Just two weeks ago, I featured the tremendous digitization project of the Vatican Apostolic Library (VAT), known as DigiVatLib. Since then, two more treasure troves of online resources have come to my attention. I would like to share these with you today.
First, one of the greatest pieces of the world’s cultural inheritance is the Book of Kells. Described by the Annals of Ulster (A.D. 1007) as “the chief relic of the Western world,” the manuscript is a 680-page book of the Gospels, richly decorated in the tradition of Insular illumination. Long attributed to St. Columbkille (d. 597), the manuscript was more likely crafted by later monks of Iona around the year 800. The volume takes its name from the Abbey of Kells (County Meath), where it was housed for centuries, and it is now displayed to the public at Trinity College Library in Dublin. The folios of this manuscript were scanned in 1990, but they were rescanned two decades later with state-of-the-art technology. Since 2013, the entire Book of Kells has been available online.

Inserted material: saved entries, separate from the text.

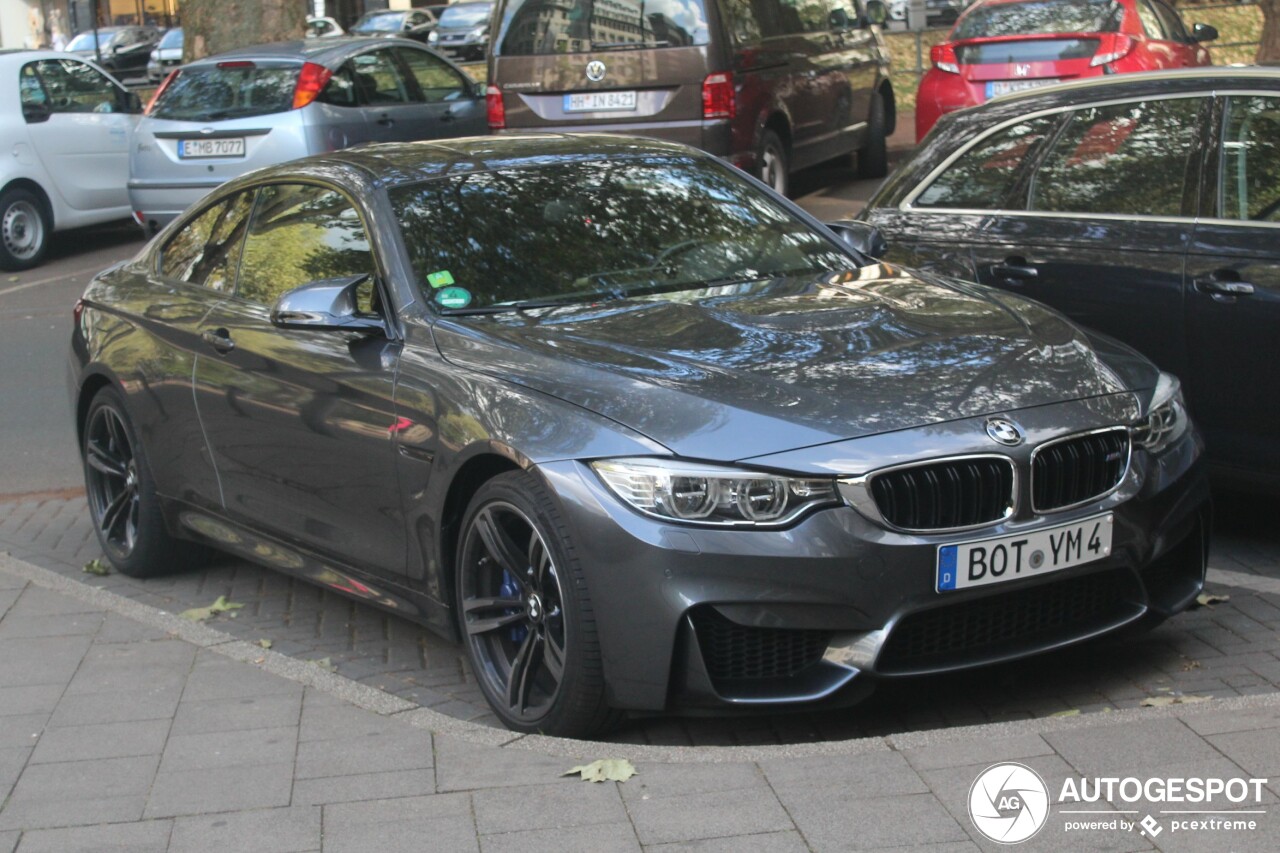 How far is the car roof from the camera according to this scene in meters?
13.6

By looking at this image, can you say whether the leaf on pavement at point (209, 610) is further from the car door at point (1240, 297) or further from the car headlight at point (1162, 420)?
the car door at point (1240, 297)

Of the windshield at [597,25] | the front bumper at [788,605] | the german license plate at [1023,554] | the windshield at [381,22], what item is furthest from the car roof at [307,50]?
the windshield at [381,22]

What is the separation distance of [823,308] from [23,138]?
39.4 ft

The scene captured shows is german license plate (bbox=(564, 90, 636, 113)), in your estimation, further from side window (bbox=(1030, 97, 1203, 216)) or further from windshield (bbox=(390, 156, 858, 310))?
windshield (bbox=(390, 156, 858, 310))

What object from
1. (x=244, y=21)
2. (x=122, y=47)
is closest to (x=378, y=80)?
(x=244, y=21)

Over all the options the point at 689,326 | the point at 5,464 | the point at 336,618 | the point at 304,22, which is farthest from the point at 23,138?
the point at 689,326

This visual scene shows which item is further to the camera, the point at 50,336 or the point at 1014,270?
the point at 50,336

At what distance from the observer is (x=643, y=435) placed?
13.6ft

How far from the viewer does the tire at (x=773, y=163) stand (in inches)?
506

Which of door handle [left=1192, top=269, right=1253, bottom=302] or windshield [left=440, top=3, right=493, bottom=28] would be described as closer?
door handle [left=1192, top=269, right=1253, bottom=302]

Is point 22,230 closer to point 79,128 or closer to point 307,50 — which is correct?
point 79,128

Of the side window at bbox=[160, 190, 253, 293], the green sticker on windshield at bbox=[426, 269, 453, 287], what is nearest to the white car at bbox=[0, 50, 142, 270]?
the side window at bbox=[160, 190, 253, 293]

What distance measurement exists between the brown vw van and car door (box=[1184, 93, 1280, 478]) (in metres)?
6.72

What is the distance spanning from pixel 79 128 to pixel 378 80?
344 centimetres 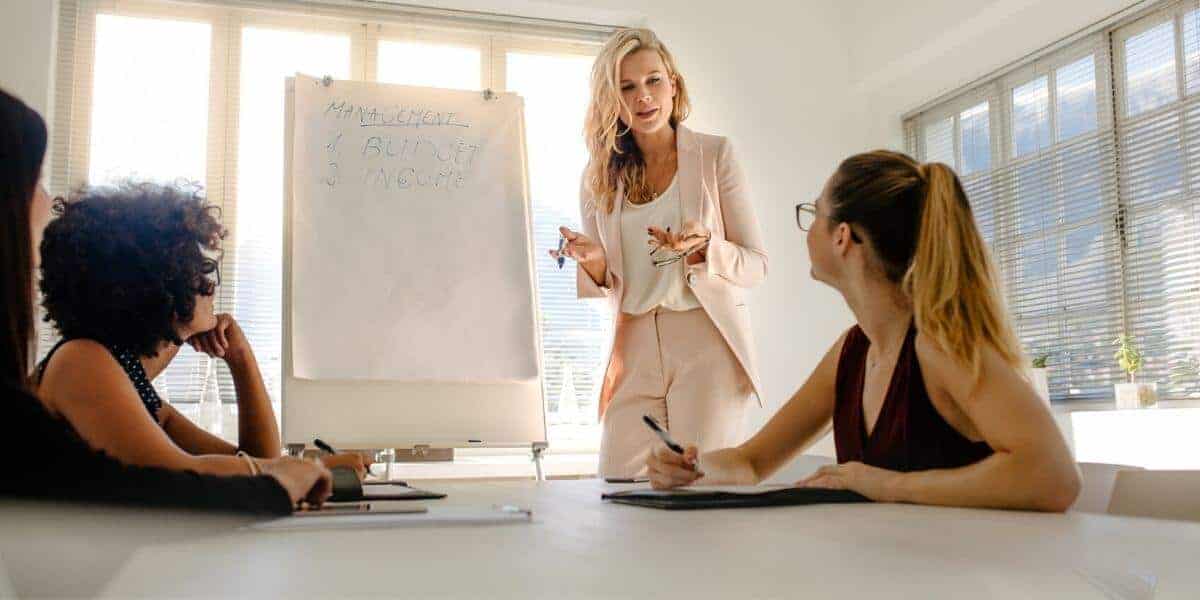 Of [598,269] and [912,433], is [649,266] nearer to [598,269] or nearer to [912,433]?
[598,269]

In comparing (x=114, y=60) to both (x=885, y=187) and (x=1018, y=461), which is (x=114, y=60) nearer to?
(x=885, y=187)

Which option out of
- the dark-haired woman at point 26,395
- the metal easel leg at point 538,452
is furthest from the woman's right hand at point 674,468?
the metal easel leg at point 538,452

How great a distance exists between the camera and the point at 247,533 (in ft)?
2.56

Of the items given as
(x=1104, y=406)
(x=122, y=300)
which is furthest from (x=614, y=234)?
(x=1104, y=406)

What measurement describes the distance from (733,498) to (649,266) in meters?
1.64

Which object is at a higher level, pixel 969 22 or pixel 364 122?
pixel 969 22

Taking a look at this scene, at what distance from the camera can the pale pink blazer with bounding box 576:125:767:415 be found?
2740mm

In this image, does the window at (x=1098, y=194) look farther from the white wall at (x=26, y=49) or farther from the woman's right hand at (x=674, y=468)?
the white wall at (x=26, y=49)

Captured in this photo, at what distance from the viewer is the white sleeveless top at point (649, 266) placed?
278 centimetres

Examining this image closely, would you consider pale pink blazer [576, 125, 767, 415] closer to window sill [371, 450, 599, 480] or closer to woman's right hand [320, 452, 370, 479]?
woman's right hand [320, 452, 370, 479]

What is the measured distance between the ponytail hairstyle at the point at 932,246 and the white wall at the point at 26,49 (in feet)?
11.9

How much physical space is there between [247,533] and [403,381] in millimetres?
2770

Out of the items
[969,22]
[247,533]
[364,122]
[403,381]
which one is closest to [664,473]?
[247,533]

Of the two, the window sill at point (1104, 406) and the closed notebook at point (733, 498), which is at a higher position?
the closed notebook at point (733, 498) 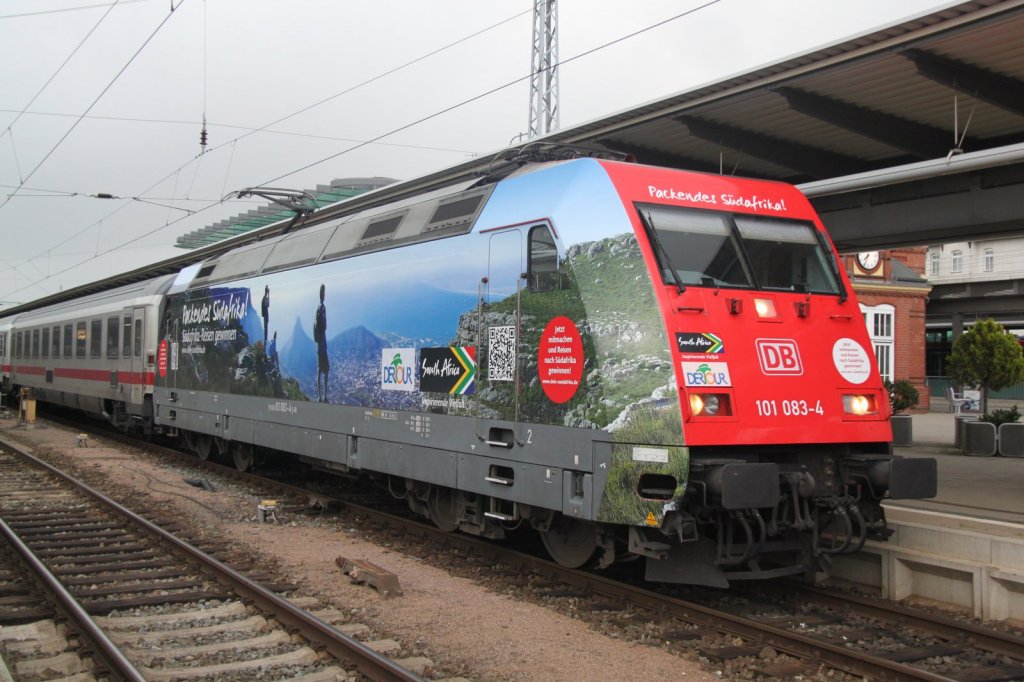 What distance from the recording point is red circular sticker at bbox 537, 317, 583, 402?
6586 millimetres

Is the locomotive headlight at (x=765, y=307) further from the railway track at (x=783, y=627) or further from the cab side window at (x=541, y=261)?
the railway track at (x=783, y=627)

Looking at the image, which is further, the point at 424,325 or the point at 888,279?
the point at 888,279

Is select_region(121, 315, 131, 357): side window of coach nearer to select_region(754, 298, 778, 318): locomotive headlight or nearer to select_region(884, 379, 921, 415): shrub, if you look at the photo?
select_region(754, 298, 778, 318): locomotive headlight

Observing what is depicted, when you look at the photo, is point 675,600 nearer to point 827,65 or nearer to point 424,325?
point 424,325

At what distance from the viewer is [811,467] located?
261 inches

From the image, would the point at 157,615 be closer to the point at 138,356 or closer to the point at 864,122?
the point at 864,122

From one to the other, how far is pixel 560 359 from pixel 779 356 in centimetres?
162

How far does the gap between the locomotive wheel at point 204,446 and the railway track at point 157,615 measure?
5.07m

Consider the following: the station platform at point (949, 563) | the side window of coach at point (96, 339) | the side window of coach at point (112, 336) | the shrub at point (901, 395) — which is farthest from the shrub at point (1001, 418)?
the side window of coach at point (96, 339)

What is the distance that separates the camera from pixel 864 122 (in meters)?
10.0

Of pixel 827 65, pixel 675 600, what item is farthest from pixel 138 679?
pixel 827 65

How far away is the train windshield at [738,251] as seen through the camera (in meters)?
6.62

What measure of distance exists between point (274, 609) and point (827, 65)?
22.0ft

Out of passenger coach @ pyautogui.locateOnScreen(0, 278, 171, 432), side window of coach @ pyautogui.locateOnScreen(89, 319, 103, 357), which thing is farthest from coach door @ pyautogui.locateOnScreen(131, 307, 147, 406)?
side window of coach @ pyautogui.locateOnScreen(89, 319, 103, 357) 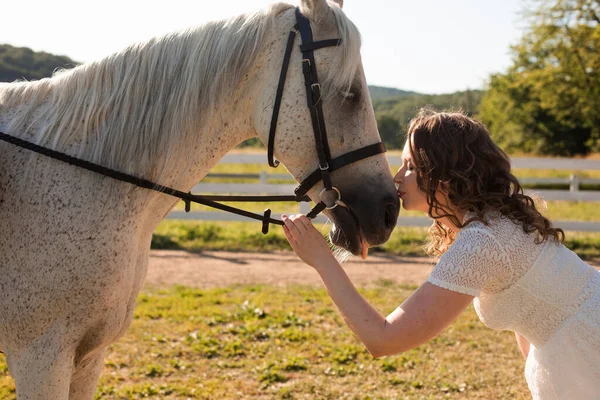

What a gift it is to have this masterpiece so easily accessible.
The second online resource I would like to recommend has only recently become available, courtesy of the Paris Musées, an incorporation of the fourteen city-operated museums of the French capital. Now available on their collections website are 150,000 high-resolution images depicting some of their holdings. Effective January 8, 2020, these digital reproductions are freely available, without charge and without restriction. This decision, according to the museums, “will contribute to enhancing and improving the way our collections are made available and will strengthen the measures taken to ensure better public access to art and culture as well as increasing visibility and understanding of the works in our municipal collections. . . . This policy of free access is part of a programme of development, cultural mediation and opening up of the collections to Internet users.”